* _Exercise prompt_
Please repeat the records exactly, keeping the pictures out.

* _Saved data entries_
↓
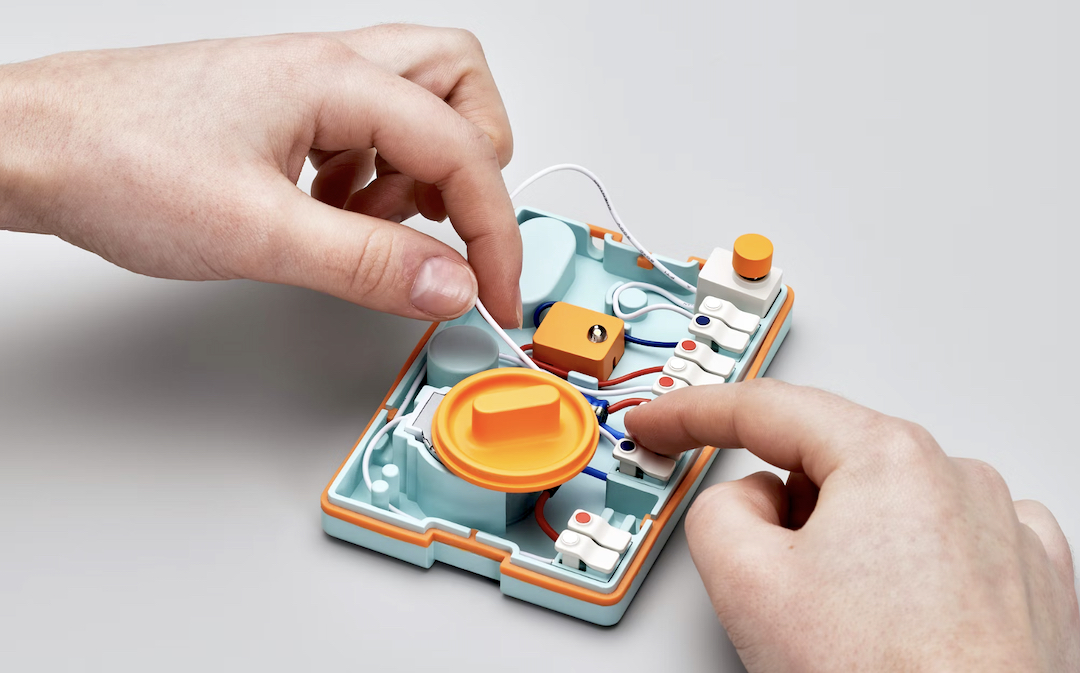 Pentagram’s DIY Flashlight Kit Brings Light And Learning To Displaced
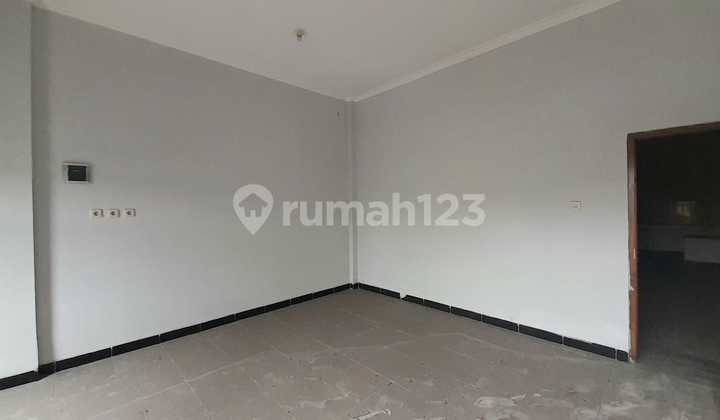Strategic Location Shop House on Janti Main Road - Suitable for Business & Investment 2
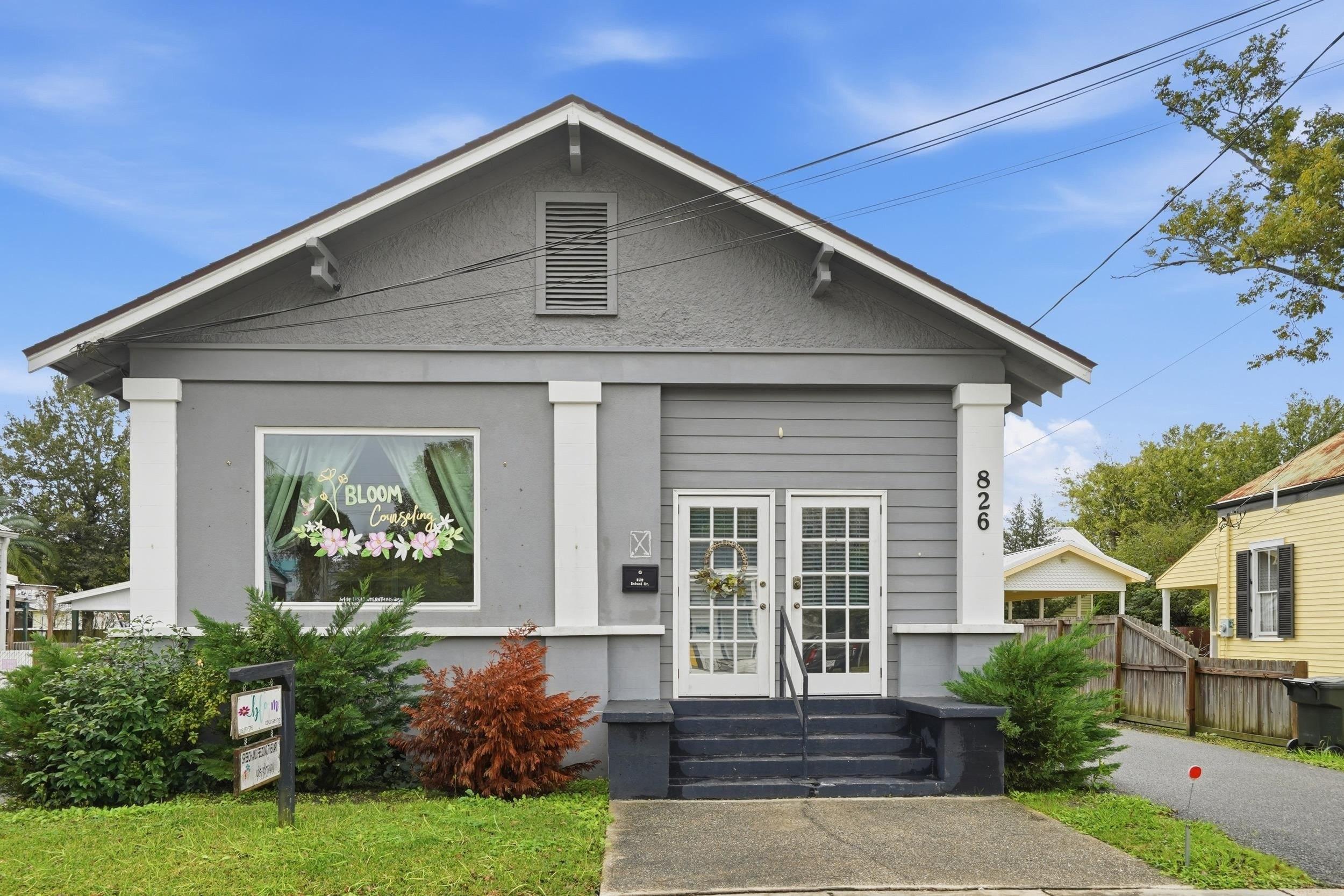 Property Image for 826 School St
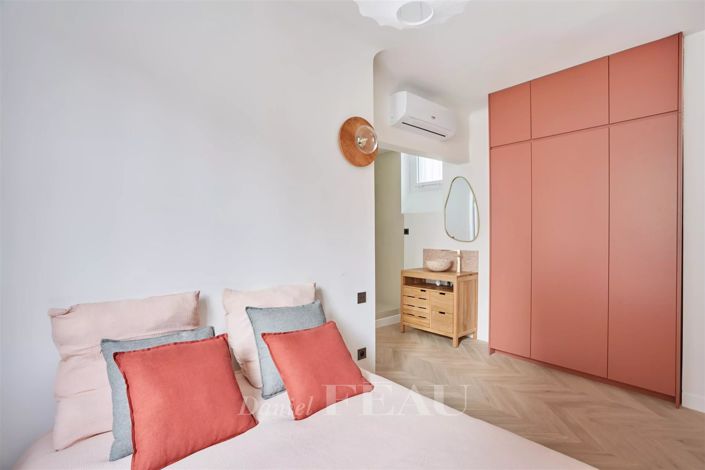 Image No.10-4 Bed Apartment for sale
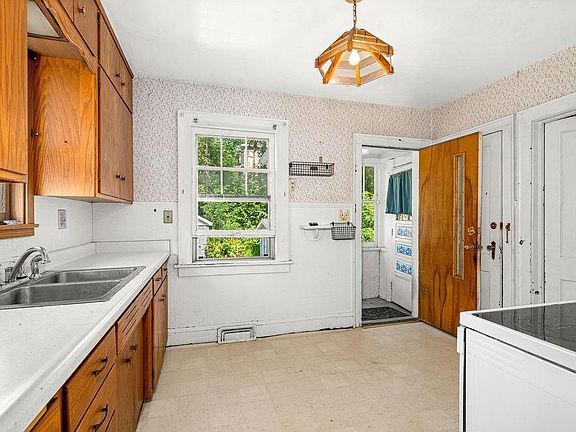5th image of 2211 W 7th St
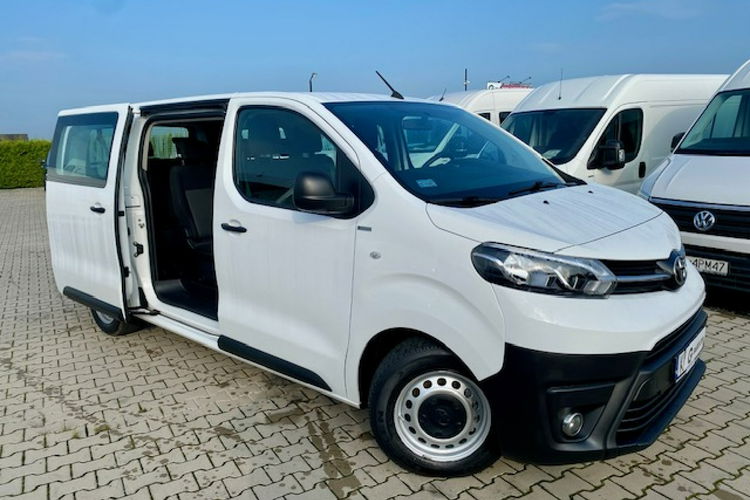 Toyota ProAce SALON PL / L2H1 - Długi / 9 osób / 2 x KLIMA PRZÓD + TYŁ / GWARANCJA zdjęcie 2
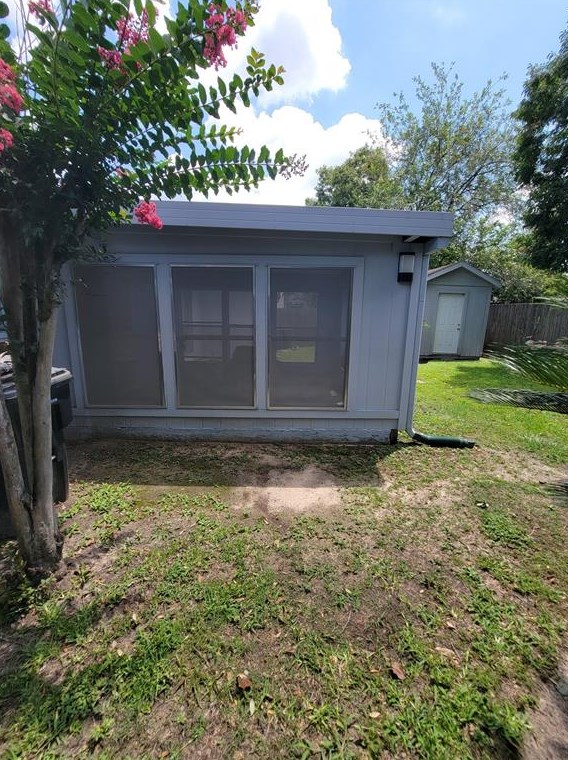3315 Walhalla Dr, Houston TX  77066-4811 exterior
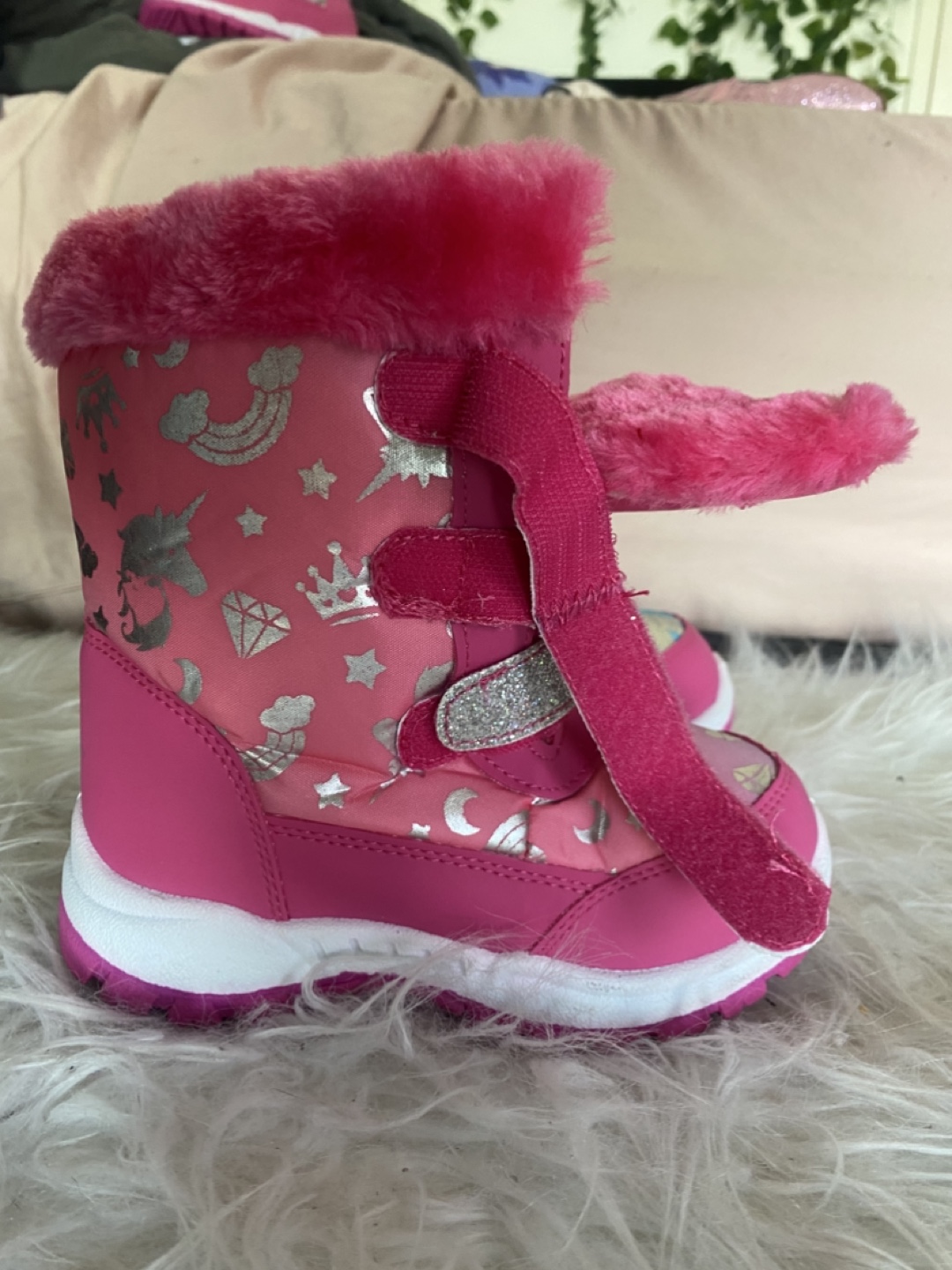 Girls' Pink Unicorn Winter Boots Size 7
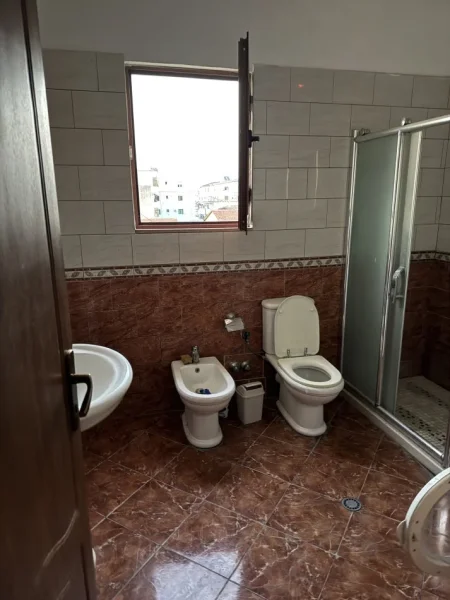 Tirane, jepet me qera apartament 2+1+Ballkon Kati 4, 100 m² 500 € (Don bosko prane xhamise)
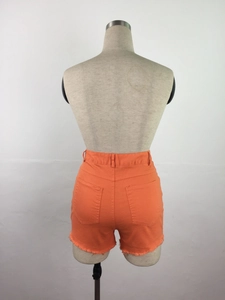 Vue arrière du short en jean orange vif à taille haute avec ourlets effilochés et poches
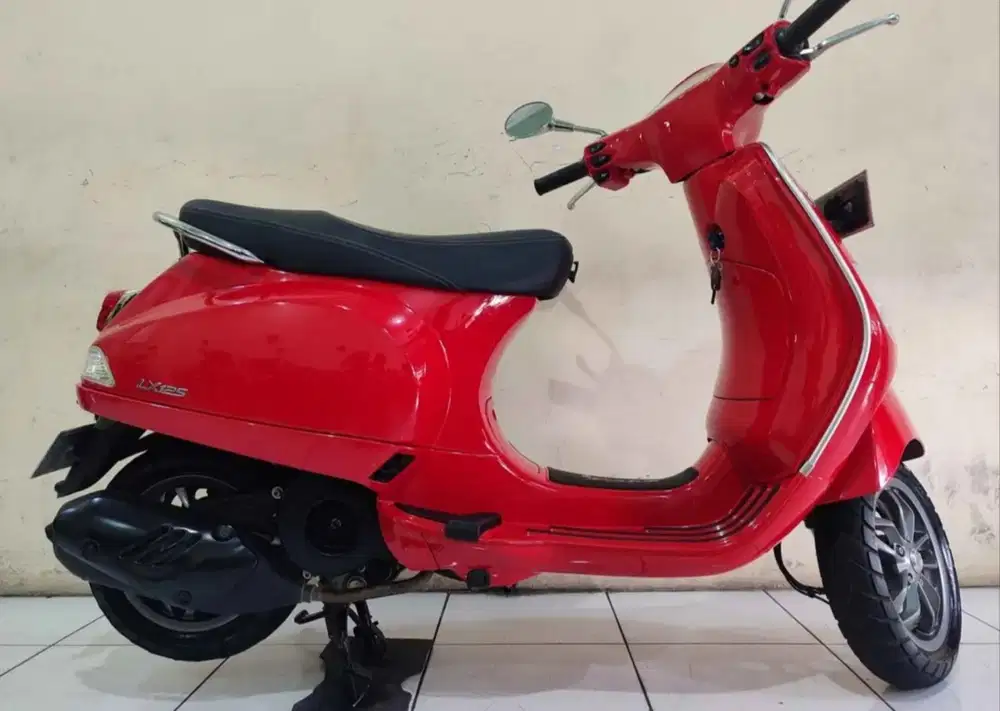 PIAGGIO Vespa LX 125 merah 2022 istimewa mulus terawat siap pakai...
↑
* _Output below_
 Pentagram’s DIY Flashlight Kit Brings Light And Learning To Displaced
Strategic Location Shop House on Janti Main Road - Suitable for Business & Investment 2
 Property Image for 826 School St
 Image No.10-4 Bed Apartment for sale
5th image of 2211 W 7th St
 Toyota ProAce SALON PL / L2H1 - Długi / 9 osób / 2 x KLIMA PRZÓD + TYŁ / GWARANCJA zdjęcie 2
3315 Walhalla Dr, Houston TX  77066-4811 exterior
 Girls' Pink Unicorn Winter Boots Size 7
 Tirane, jepet me qera apartament 2+1+Ballkon Kati 4, 100 m² 500 € (Don bosko prane xhamise)
 Vue arrière du short en jean orange vif à taille haute avec ourlets effilochés et poches
 PIAGGIO Vespa LX 125 merah 2022 istimewa mulus terawat siap pakai...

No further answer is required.